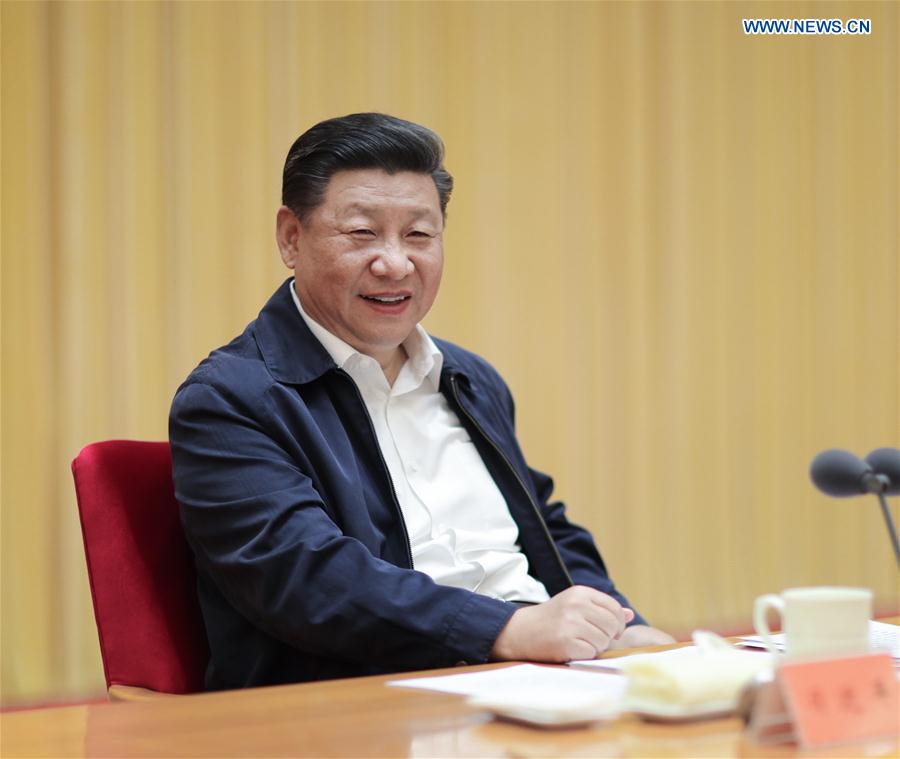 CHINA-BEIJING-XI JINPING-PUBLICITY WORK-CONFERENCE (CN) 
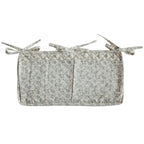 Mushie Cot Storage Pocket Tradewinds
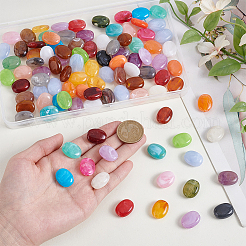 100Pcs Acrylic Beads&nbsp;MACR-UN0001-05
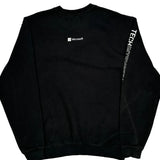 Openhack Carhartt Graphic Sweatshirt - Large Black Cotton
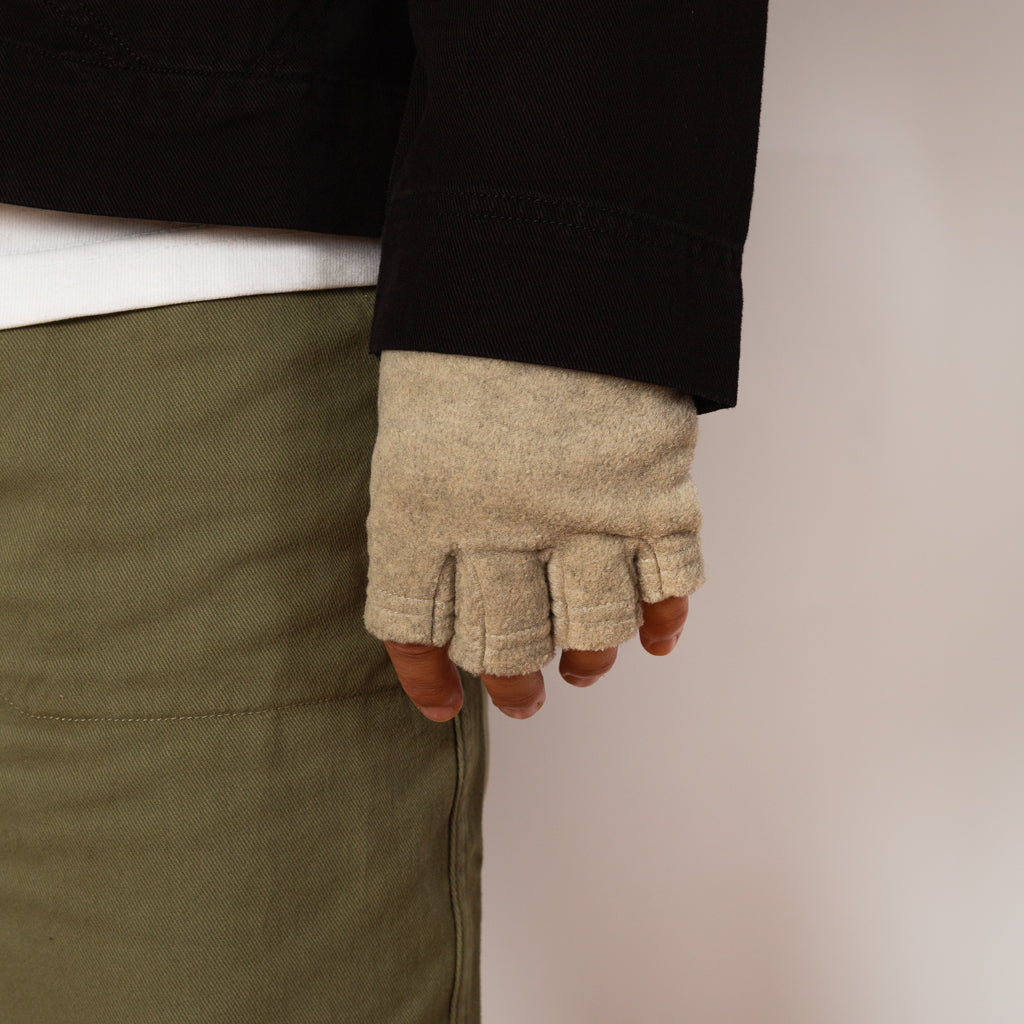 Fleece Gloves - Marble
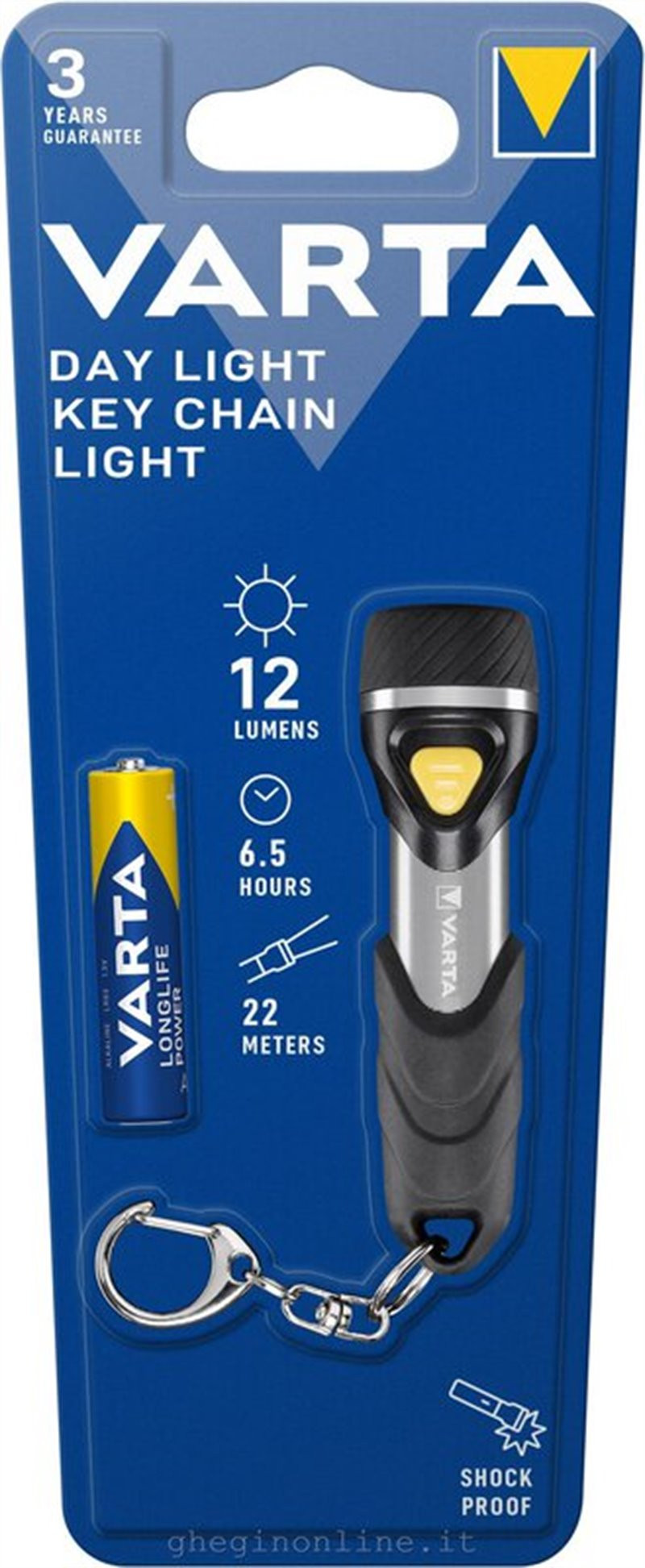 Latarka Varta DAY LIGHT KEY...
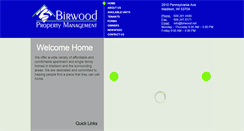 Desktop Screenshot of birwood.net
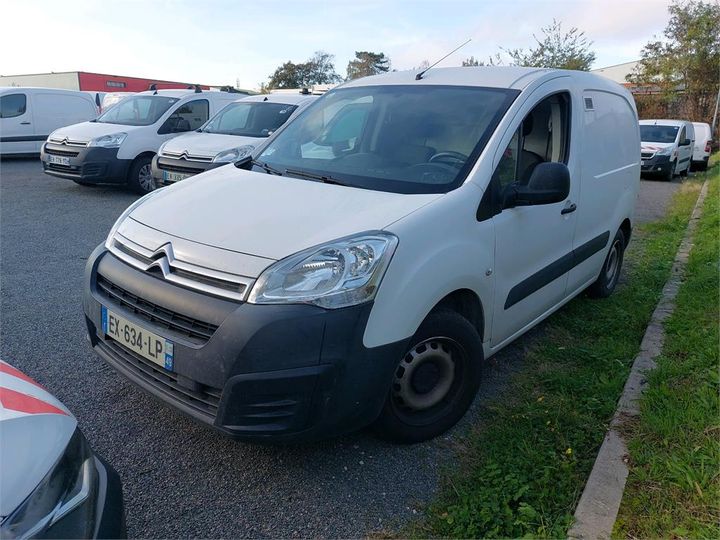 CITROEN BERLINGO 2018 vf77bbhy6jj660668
_ _ _
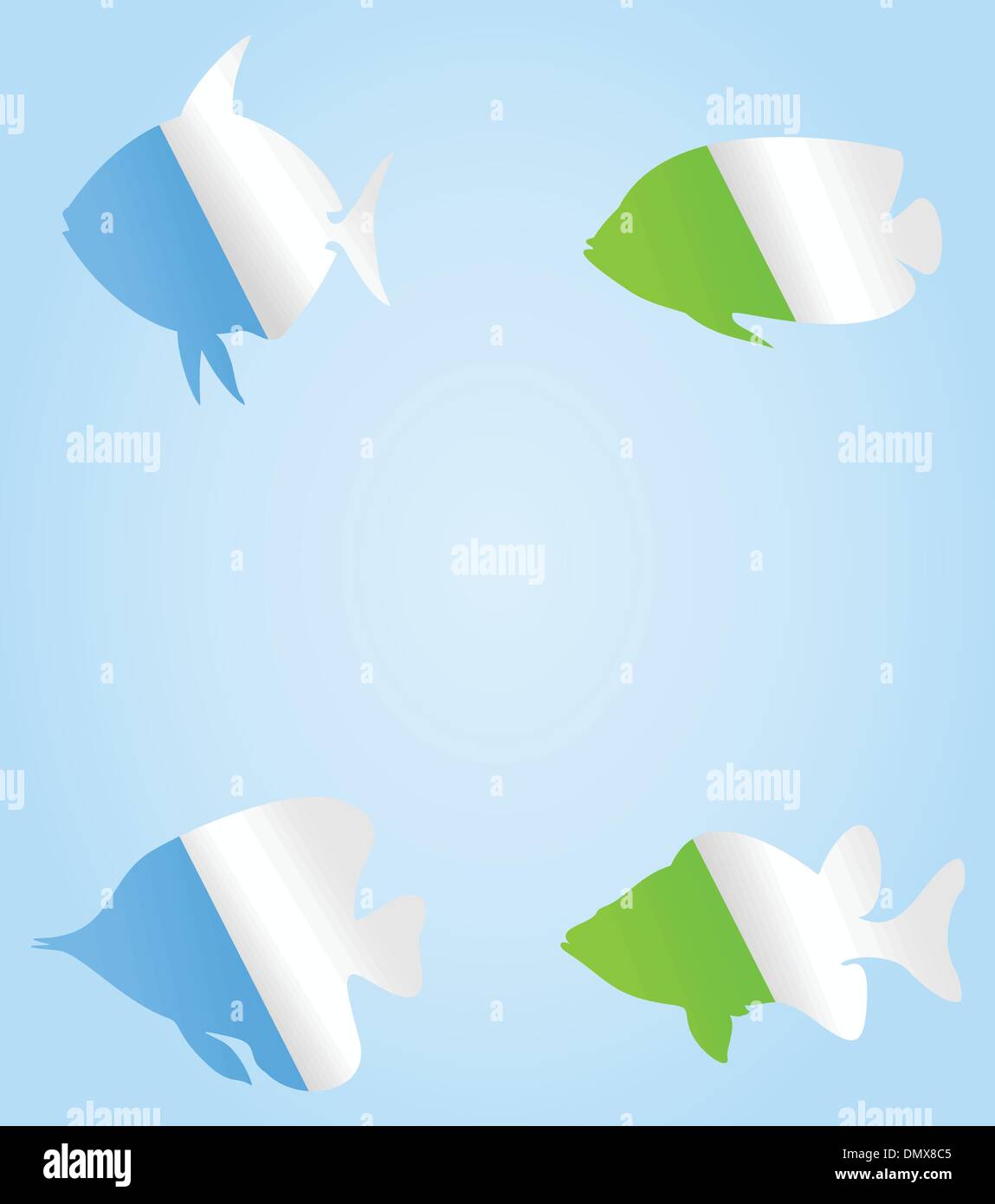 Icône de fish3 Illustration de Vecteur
_ _ _
### Task requirements
Starting at the line with "Latarka Varta DAY LIGHT KEY..." in the entries above, write out every line exactly until the line with "CITROEN BERLINGO 2018 vf77bbhy6jj660668" has been written. Include no pictures and nothing more.

### Result for this exercise
 Latarka Varta DAY LIGHT KEY...
 Desktop Screenshot of birwood.net
 CITROEN BERLINGO 2018 vf77bbhy6jj660668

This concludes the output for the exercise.